REQUIRED ACTION
Copy the lines below exactly, starting at the one with "Artikelvorschau, Aufkleber mit" and ending at the one with "Mr.Buffalo Сухой корм", and leave out any picture.

MATERIAL SHOWN below:

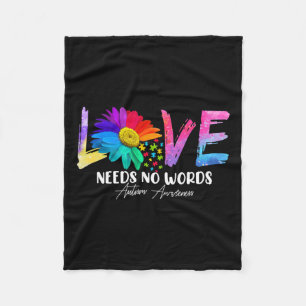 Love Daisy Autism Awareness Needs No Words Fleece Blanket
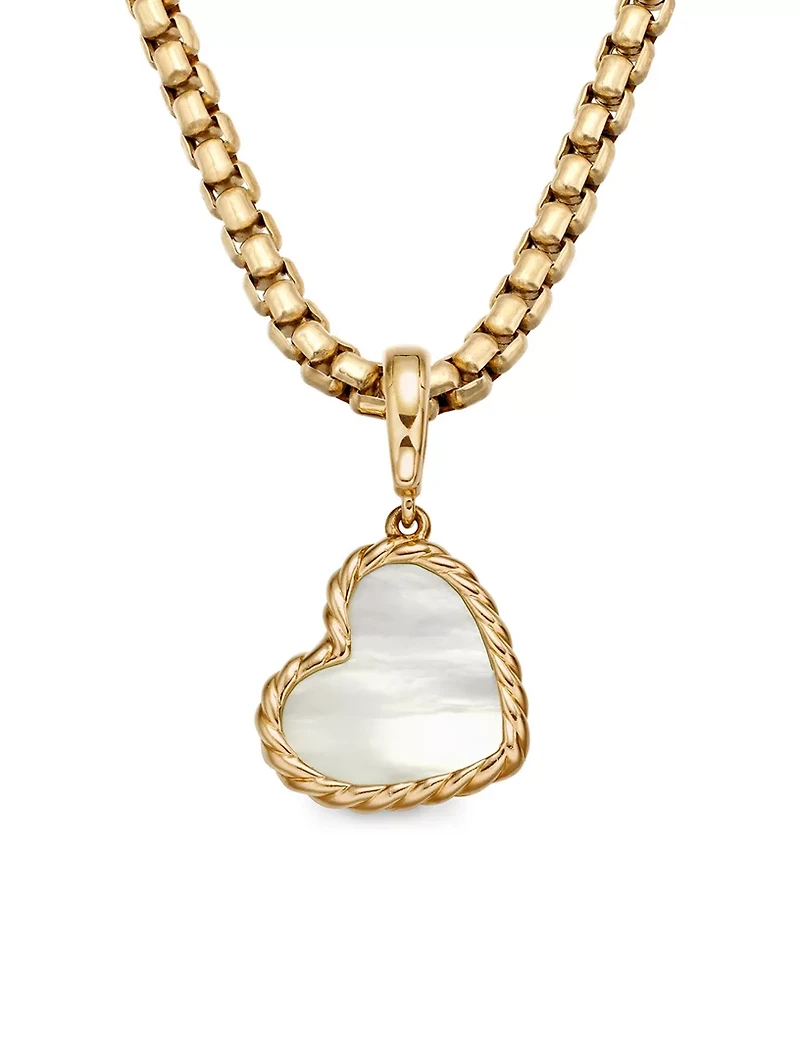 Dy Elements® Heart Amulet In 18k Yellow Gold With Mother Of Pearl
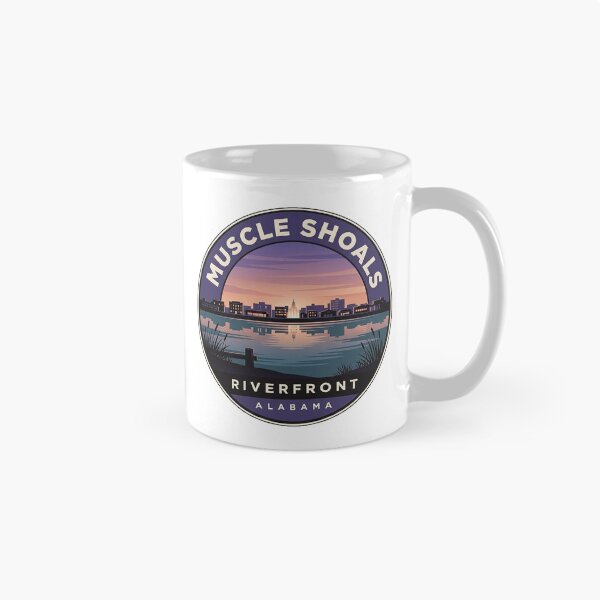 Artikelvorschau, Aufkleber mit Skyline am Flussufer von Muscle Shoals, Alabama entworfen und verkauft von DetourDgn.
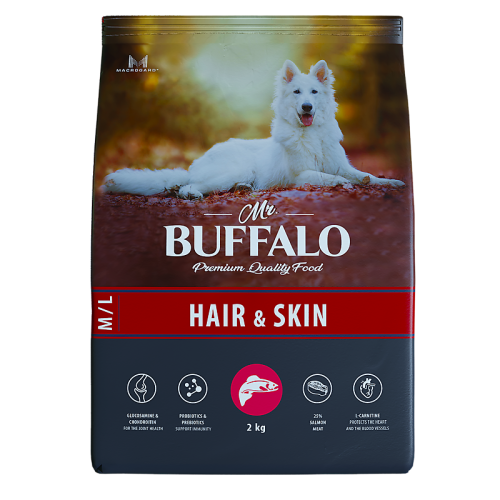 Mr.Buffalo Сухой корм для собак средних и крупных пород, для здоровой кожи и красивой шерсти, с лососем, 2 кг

End of MATERIAL SHOWN.
MATERIAL SHOWN below:

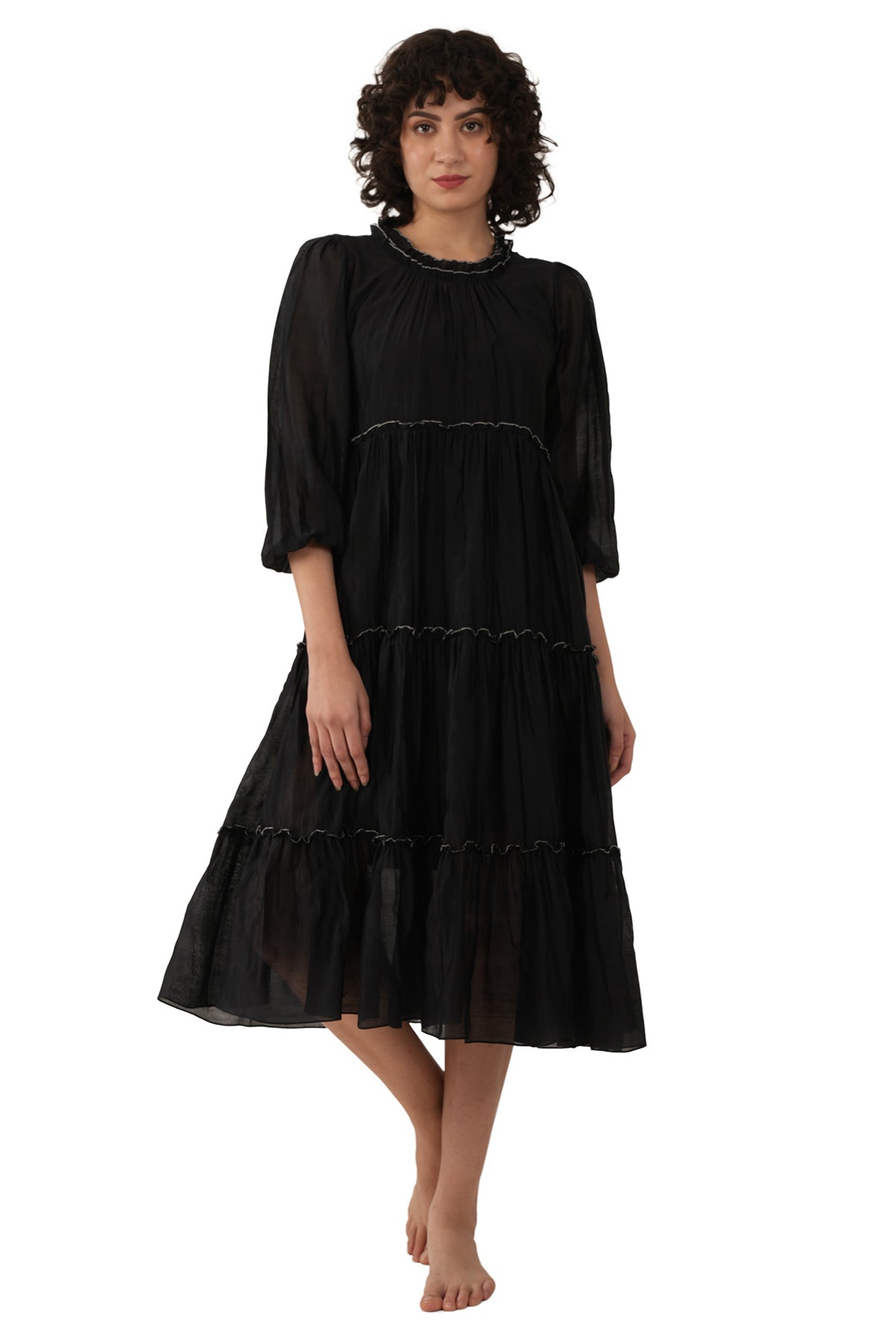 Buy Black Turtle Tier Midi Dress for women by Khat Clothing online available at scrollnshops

End of MATERIAL SHOWN.
MATERIAL SHOWN below:

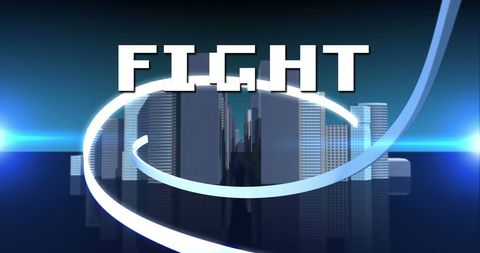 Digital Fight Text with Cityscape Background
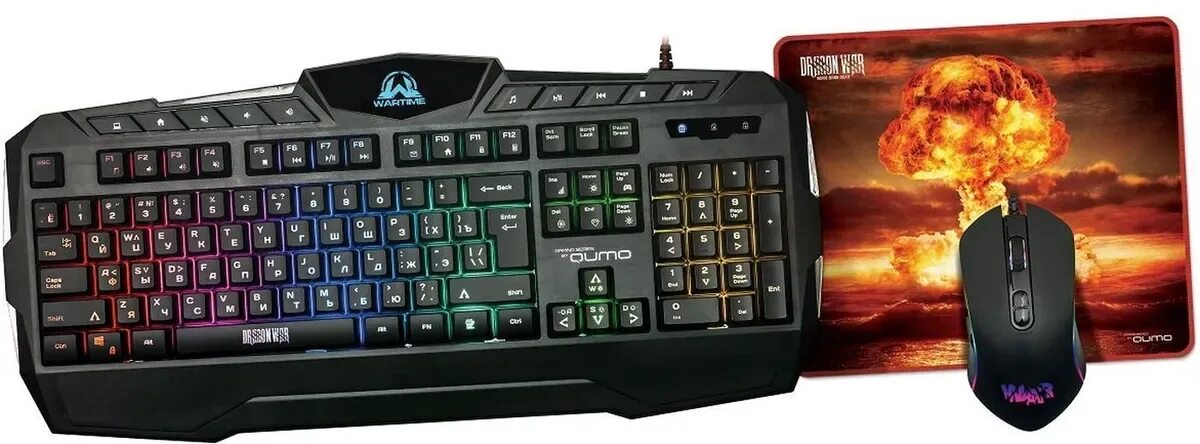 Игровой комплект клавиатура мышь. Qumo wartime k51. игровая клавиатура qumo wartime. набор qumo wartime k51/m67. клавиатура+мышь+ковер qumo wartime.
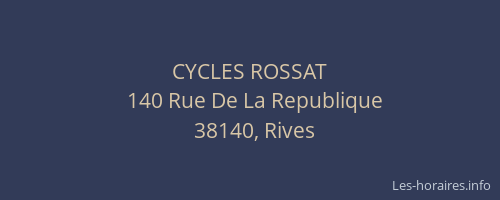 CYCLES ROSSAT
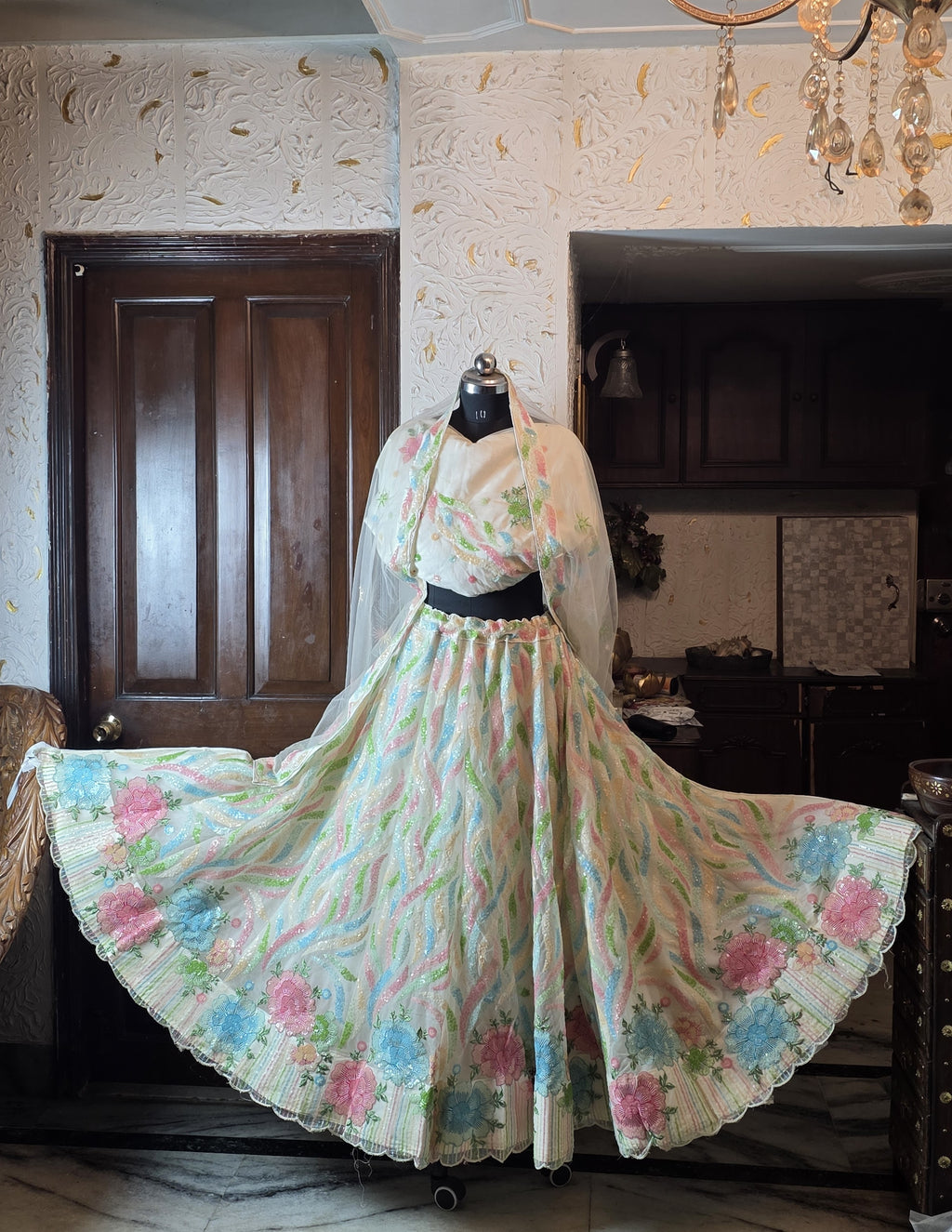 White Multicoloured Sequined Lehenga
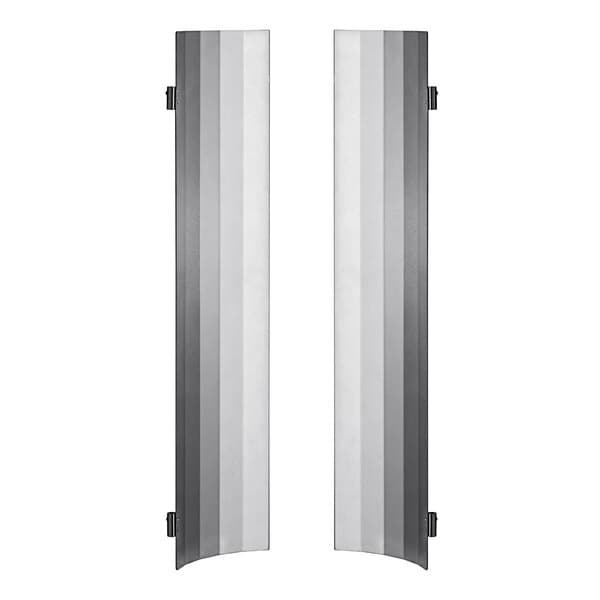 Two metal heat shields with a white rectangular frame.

End of MATERIAL SHOWN.

REPLY
 Artikelvorschau, Aufkleber mit Skyline am Flussufer von Muscle Shoals, Alabama entworfen und verkauft von DetourDgn.
 Mr.Buffalo Сухой корм для собак средних и крупных пород, для здоровой кожи и красивой шерсти, с лососем, 2 кг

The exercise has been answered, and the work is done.